- Data provided -
- - -
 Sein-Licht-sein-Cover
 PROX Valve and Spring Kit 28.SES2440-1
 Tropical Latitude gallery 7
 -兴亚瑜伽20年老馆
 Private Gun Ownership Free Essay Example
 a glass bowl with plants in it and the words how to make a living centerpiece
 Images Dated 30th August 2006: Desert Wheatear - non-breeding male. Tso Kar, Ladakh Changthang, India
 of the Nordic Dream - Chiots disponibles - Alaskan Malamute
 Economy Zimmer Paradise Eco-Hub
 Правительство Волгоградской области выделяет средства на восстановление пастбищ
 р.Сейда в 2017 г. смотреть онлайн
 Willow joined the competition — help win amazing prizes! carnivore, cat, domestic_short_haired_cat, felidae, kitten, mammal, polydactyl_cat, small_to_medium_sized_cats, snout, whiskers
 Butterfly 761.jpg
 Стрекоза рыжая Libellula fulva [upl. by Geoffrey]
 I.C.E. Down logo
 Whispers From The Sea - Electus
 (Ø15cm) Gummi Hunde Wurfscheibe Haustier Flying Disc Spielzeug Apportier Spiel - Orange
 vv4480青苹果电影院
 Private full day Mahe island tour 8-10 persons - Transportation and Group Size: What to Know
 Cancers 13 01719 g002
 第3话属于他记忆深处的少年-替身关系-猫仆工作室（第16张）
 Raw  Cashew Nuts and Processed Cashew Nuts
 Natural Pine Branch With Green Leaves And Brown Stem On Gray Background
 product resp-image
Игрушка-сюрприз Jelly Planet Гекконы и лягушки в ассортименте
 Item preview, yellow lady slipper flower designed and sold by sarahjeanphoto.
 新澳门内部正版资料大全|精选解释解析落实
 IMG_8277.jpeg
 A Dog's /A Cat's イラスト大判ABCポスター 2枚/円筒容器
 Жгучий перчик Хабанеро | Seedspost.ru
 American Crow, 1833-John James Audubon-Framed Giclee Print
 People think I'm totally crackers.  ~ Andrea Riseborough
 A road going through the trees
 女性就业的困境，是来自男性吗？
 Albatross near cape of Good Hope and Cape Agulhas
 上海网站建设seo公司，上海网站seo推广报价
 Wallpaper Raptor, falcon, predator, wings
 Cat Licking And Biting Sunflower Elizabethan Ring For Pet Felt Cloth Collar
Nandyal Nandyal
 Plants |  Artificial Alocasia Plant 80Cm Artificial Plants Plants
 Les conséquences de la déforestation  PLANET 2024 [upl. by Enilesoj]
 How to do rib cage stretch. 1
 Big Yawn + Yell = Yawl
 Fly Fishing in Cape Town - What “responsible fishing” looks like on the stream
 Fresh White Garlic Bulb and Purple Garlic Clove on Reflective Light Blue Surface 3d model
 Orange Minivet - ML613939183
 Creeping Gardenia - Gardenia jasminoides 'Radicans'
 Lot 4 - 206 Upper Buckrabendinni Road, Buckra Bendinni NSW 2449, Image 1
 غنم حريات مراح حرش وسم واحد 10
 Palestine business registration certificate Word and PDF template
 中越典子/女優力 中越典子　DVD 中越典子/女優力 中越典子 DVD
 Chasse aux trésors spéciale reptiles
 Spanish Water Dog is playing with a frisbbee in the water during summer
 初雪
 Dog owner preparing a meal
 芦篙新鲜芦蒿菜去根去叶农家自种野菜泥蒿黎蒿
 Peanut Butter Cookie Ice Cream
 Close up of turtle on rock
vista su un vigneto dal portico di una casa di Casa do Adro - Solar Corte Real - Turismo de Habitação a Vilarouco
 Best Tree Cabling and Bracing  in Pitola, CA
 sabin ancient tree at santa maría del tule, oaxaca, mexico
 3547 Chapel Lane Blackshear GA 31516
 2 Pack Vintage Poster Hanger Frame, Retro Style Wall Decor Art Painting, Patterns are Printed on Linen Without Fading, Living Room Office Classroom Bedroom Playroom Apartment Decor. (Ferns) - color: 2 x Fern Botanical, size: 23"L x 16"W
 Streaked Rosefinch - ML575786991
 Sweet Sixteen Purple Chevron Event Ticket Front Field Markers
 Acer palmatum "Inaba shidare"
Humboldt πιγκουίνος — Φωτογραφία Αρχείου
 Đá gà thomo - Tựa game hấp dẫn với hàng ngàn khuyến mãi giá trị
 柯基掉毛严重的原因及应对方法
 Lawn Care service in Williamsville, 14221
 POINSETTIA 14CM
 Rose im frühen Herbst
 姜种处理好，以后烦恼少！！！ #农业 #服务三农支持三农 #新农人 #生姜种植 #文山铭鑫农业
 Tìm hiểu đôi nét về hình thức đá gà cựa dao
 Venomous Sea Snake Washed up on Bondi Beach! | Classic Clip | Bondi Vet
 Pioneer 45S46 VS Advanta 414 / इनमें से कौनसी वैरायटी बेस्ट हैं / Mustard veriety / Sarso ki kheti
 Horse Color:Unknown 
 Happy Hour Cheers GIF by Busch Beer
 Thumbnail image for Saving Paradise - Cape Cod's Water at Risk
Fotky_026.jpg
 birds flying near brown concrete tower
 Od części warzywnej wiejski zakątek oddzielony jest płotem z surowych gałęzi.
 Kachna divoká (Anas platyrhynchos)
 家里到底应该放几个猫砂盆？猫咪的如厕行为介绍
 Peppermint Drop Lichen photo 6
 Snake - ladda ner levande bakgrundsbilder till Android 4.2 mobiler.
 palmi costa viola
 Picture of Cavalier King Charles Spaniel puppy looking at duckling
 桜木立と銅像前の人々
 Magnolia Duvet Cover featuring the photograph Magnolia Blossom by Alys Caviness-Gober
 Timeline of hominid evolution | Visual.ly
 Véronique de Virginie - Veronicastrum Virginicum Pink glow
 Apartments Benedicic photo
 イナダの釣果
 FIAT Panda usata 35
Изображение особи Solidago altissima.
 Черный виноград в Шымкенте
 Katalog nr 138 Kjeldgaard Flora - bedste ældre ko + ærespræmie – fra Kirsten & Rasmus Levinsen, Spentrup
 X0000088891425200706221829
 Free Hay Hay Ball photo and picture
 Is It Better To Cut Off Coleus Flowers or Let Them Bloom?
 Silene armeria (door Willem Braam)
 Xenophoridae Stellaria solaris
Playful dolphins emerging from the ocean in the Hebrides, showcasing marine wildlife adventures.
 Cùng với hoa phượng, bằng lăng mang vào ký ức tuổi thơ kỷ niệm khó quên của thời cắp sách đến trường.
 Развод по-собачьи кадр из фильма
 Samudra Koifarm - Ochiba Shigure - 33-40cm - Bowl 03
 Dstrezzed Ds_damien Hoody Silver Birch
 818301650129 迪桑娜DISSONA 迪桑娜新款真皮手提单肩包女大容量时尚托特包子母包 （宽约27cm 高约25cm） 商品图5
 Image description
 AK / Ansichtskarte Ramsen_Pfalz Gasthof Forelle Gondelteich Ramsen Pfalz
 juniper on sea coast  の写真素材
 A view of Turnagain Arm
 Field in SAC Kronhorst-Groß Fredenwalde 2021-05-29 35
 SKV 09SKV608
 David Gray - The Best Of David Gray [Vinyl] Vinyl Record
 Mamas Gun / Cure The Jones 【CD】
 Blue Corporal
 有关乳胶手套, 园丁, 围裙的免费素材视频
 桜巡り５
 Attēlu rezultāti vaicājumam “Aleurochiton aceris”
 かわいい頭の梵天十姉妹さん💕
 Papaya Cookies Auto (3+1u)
- - -
- Your objective -
Copy out the records above without altering anything.

- Completed task -
 Sein-Licht-sein-Cover
 PROX Valve and Spring Kit 28.SES2440-1
 Tropical Latitude gallery 7
 -兴亚瑜伽20年老馆
 Private Gun Ownership Free Essay Example
 a glass bowl with plants in it and the words how to make a living centerpiece
 Images Dated 30th August 2006: Desert Wheatear - non-breeding male. Tso Kar, Ladakh Changthang, India
 of the Nordic Dream - Chiots disponibles - Alaskan Malamute
 Economy Zimmer Paradise Eco-Hub
 Правительство Волгоградской области выделяет средства на восстановление пастбищ
 р.Сейда в 2017 г. смотреть онлайн
 Willow joined the competition — help win amazing prizes! carnivore, cat, domestic_short_haired_cat, felidae, kitten, mammal, polydactyl_cat, small_to_medium_sized_cats, snout, whiskers
 Butterfly 761.jpg
 Стрекоза рыжая Libellula fulva [upl. by Geoffrey]
 I.C.E. Down logo
 Whispers From The Sea - Electus
 (Ø15cm) Gummi Hunde Wurfscheibe Haustier Flying Disc Spielzeug Apportier Spiel - Orange
 vv4480青苹果电影院
 Private full day Mahe island tour 8-10 persons - Transportation and Group Size: What to Know
 Cancers 13 01719 g002
 第3话属于他记忆深处的少年-替身关系-猫仆工作室（第16张）
 Raw  Cashew Nuts and Processed Cashew Nuts
 Natural Pine Branch With Green Leaves And Brown Stem On Gray Background
 product resp-image
Игрушка-сюрприз Jelly Planet Гекконы и лягушки в ассортименте
 Item preview, yellow lady slipper flower designed and sold by sarahjeanphoto.
 新澳门内部正版资料大全|精选解释解析落实
 IMG_8277.jpeg
 A Dog's /A Cat's イラスト大判ABCポスター 2枚/円筒容器
 Жгучий перчик Хабанеро | Seedspost.ru
 American Crow, 1833-John James Audubon-Framed Giclee Print
 People think I'm totally crackers.  ~ Andrea Riseborough
 A road going through the trees
 女性就业的困境，是来自男性吗？
 Albatross near cape of Good Hope and Cape Agulhas
 上海网站建设seo公司，上海网站seo推广报价
 Wallpaper Raptor, falcon, predator, wings
 Cat Licking And Biting Sunflower Elizabethan Ring For Pet Felt Cloth Collar
Nandyal Nandyal
 Plants |  Artificial Alocasia Plant 80Cm Artificial Plants Plants
 Les conséquences de la déforestation  PLANET 2024 [upl. by Enilesoj]
 How to do rib cage stretch. 1
 Big Yawn + Yell = Yawl
 Fly Fishing in Cape Town - What “responsible fishing” looks like on the stream
 Fresh White Garlic Bulb and Purple Garlic Clove on Reflective Light Blue Surface 3d model
 Orange Minivet - ML613939183
 Creeping Gardenia - Gardenia jasminoides 'Radicans'
 Lot 4 - 206 Upper Buckrabendinni Road, Buckra Bendinni NSW 2449, Image 1
 غنم حريات مراح حرش وسم واحد 10
 Palestine business registration certificate Word and PDF template
 中越典子/女優力 中越典子　DVD 中越典子/女優力 中越典子 DVD
 Chasse aux trésors spéciale reptiles
 Spanish Water Dog is playing with a frisbbee in the water during summer
 初雪
 Dog owner preparing a meal
 芦篙新鲜芦蒿菜去根去叶农家自种野菜泥蒿黎蒿
 Peanut Butter Cookie Ice Cream
 Close up of turtle on rock
vista su un vigneto dal portico di una casa di Casa do Adro - Solar Corte Real - Turismo de Habitação a Vilarouco
 Best Tree Cabling and Bracing  in Pitola, CA
 sabin ancient tree at santa maría del tule, oaxaca, mexico
 3547 Chapel Lane Blackshear GA 31516
 2 Pack Vintage Poster Hanger Frame, Retro Style Wall Decor Art Painting, Patterns are Printed on Linen Without Fading, Living Room Office Classroom Bedroom Playroom Apartment Decor. (Ferns) - color: 2 x Fern Botanical, size: 23"L x 16"W
 Streaked Rosefinch - ML575786991
 Sweet Sixteen Purple Chevron Event Ticket Front Field Markers
 Acer palmatum "Inaba shidare"
Humboldt πιγκουίνος — Φωτογραφία Αρχείου
 Đá gà thomo - Tựa game hấp dẫn với hàng ngàn khuyến mãi giá trị
 柯基掉毛严重的原因及应对方法
 Lawn Care service in Williamsville, 14221
 POINSETTIA 14CM
 Rose im frühen Herbst
 姜种处理好，以后烦恼少！！！ #农业 #服务三农支持三农 #新农人 #生姜种植 #文山铭鑫农业
 Tìm hiểu đôi nét về hình thức đá gà cựa dao
 Venomous Sea Snake Washed up on Bondi Beach! | Classic Clip | Bondi Vet
 Pioneer 45S46 VS Advanta 414 / इनमें से कौनसी वैरायटी बेस्ट हैं / Mustard veriety / Sarso ki kheti
 Horse Color:Unknown 
 Happy Hour Cheers GIF by Busch Beer
 Thumbnail image for Saving Paradise - Cape Cod's Water at Risk
Fotky_026.jpg
 birds flying near brown concrete tower
 Od części warzywnej wiejski zakątek oddzielony jest płotem z surowych gałęzi.
 Kachna divoká (Anas platyrhynchos)
 家里到底应该放几个猫砂盆？猫咪的如厕行为介绍
 Peppermint Drop Lichen photo 6
 Snake - ladda ner levande bakgrundsbilder till Android 4.2 mobiler.
 palmi costa viola
 Picture of Cavalier King Charles Spaniel puppy looking at duckling
 桜木立と銅像前の人々
 Magnolia Duvet Cover featuring the photograph Magnolia Blossom by Alys Caviness-Gober
 Timeline of hominid evolution | Visual.ly
 Véronique de Virginie - Veronicastrum Virginicum Pink glow
 Apartments Benedicic photo
 イナダの釣果
 FIAT Panda usata 35
Изображение особи Solidago altissima.
 Черный виноград в Шымкенте
 Katalog nr 138 Kjeldgaard Flora - bedste ældre ko + ærespræmie – fra Kirsten & Rasmus Levinsen, Spentrup
 X0000088891425200706221829
 Free Hay Hay Ball photo and picture
 Is It Better To Cut Off Coleus Flowers or Let Them Bloom?
 Silene armeria (door Willem Braam)
 Xenophoridae Stellaria solaris
Playful dolphins emerging from the ocean in the Hebrides, showcasing marine wildlife adventures.
 Cùng với hoa phượng, bằng lăng mang vào ký ức tuổi thơ kỷ niệm khó quên của thời cắp sách đến trường.
 Развод по-собачьи кадр из фильма
 Samudra Koifarm - Ochiba Shigure - 33-40cm - Bowl 03
 Dstrezzed Ds_damien Hoody Silver Birch
 818301650129 迪桑娜DISSONA 迪桑娜新款真皮手提单肩包女大容量时尚托特包子母包 （宽约27cm 高约25cm） 商品图5
 Image description
 AK / Ansichtskarte Ramsen_Pfalz Gasthof Forelle Gondelteich Ramsen Pfalz
 juniper on sea coast  の写真素材
 A view of Turnagain Arm
 Field in SAC Kronhorst-Groß Fredenwalde 2021-05-29 35
 SKV 09SKV608
 David Gray - The Best Of David Gray [Vinyl] Vinyl Record
 Mamas Gun / Cure The Jones 【CD】
 Blue Corporal
 有关乳胶手套, 园丁, 围裙的免费素材视频
 桜巡り５
 Attēlu rezultāti vaicājumam “Aleurochiton aceris”
 かわいい頭の梵天十姉妹さん💕
 Papaya Cookies Auto (3+1u)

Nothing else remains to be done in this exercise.